Independence | we were so much older then

“On July 4, 1776, the Continental Congress approved the Declaration of Independence, setting the 13 colonies on the road to freedom as a sovereign nation. This most American of holidays will be marked with typical festivities ranging from fireworks, parades and concerts to more casual family gatherings and barbecues across the country. As we celebrate this Independence Day, we reflect on how our Founding Fathers enshrined the importance of statistics in our Constitution as a vital tool for measuring our people, places and economy.” – US Census Bureau

US census july 4

  • John Hancock was the first signer, and a merchant by trade.
  • Benjamin Franklin, who represented Pennsylvania, was the oldest of the signers at age 70.
  • Currently, there are eight senators who are in their 80s, 17 are in their 70s, 38 are in their 60s, 23 are in their 50s, 13 are in their 40s, and 1 is in his 30s.
  • The average age of Members of the House at the beginning of the 115th Congress was 57.8 years; of Senators, 61.8 years, among the oldest in U.S. history.

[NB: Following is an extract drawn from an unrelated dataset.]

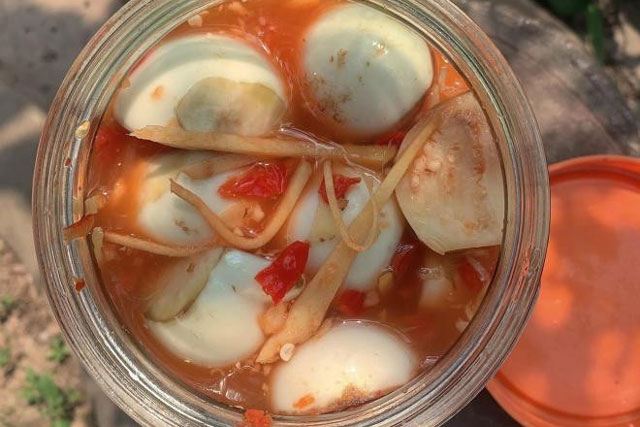 Cách làm món cà muối ngon, không hỏng hay nổi váng, đây là công thức bà nội trợ có thể tham khảo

“As it turns out, many Founding Fathers were younger than 40 years old in 1776, with several qualifying as Founding Teenagers or Twentysomethings. And though the average age of the signers of the Declaration of Independence was 44, more than a dozen of them were 35 or younger.” – Slate

Maybe because of the fervor of the times then, the founders were so much wiser and older then. Maybe because of the comfort of the times in the Congress now, the members are so less wiser and so less younger now.

Listen to the Byrds and reflect.




  1. So as this antiquated group of legislators considers a new appointment to the Supreme Court, it focuses on abortion. The tougher questions facing the next generation will focus on state vs. parental rights, genetic engineering, cloning, and euthanasia. We’re doomed.

  2. Your identifying just some of the issues [and there are so many more] makes us wonder how many of these aged trough-huggers even understand or care about the ramifications on younger generations.